(Caption-style text data)

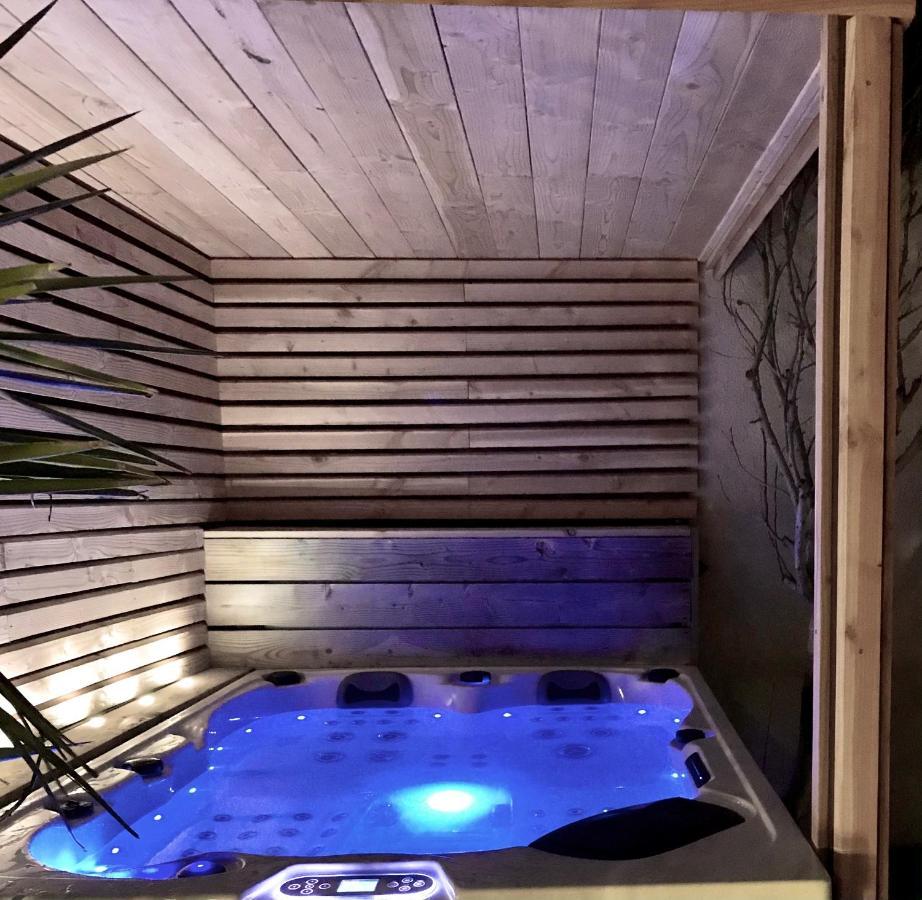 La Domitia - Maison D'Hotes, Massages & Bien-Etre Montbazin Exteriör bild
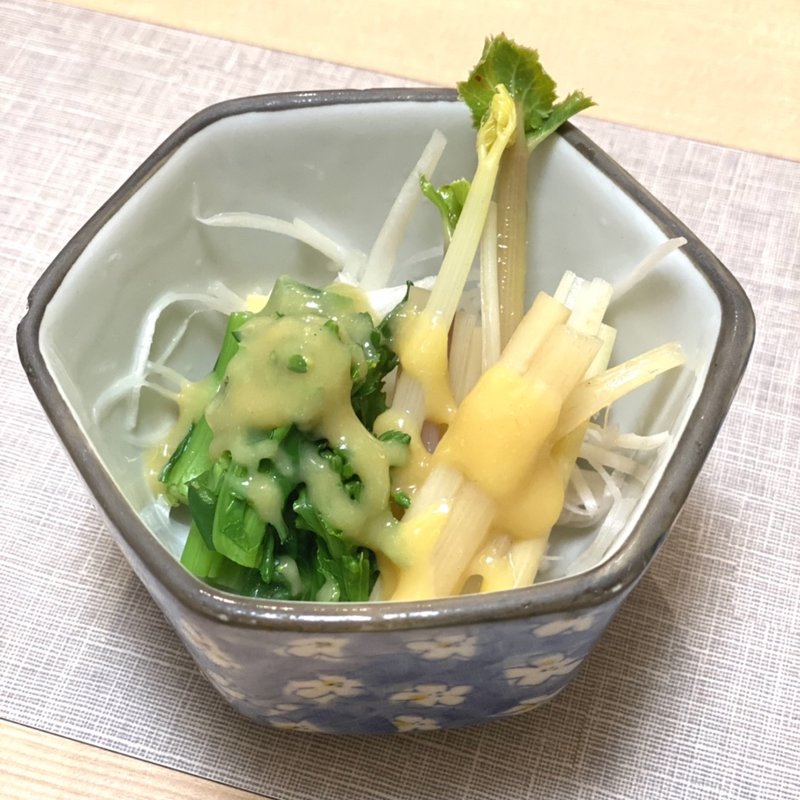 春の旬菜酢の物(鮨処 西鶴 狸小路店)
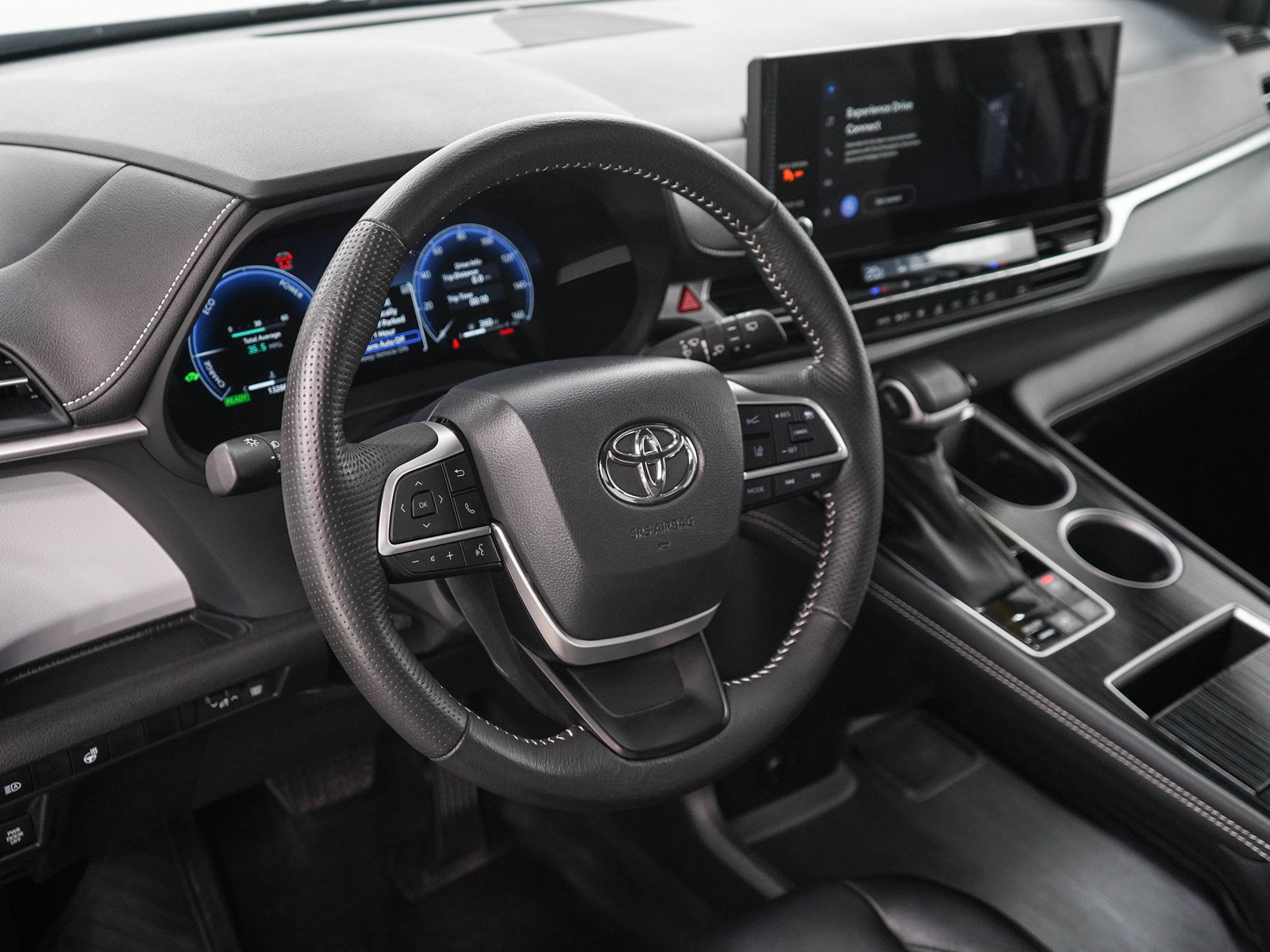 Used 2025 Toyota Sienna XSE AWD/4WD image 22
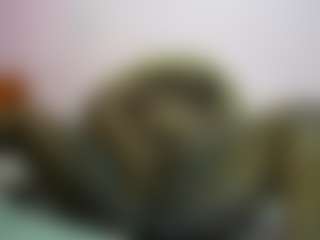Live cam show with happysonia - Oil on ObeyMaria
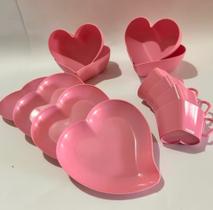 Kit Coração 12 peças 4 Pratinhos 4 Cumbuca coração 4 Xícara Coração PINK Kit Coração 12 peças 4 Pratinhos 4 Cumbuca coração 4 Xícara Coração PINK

Your assignment — Leave the pictures aside and print exactly, and only, the lines from the one with "Live cam show" through the end of the data, both included.

Task response —
Live cam show with happysonia - Oil on ObeyMaria
 Kit Coração 12 peças 4 Pratinhos 4 Cumbuca coração 4 Xícara Coração PINK Kit Coração 12 peças 4 Pratinhos 4 Cumbuca coração 4 Xícara Coração PINK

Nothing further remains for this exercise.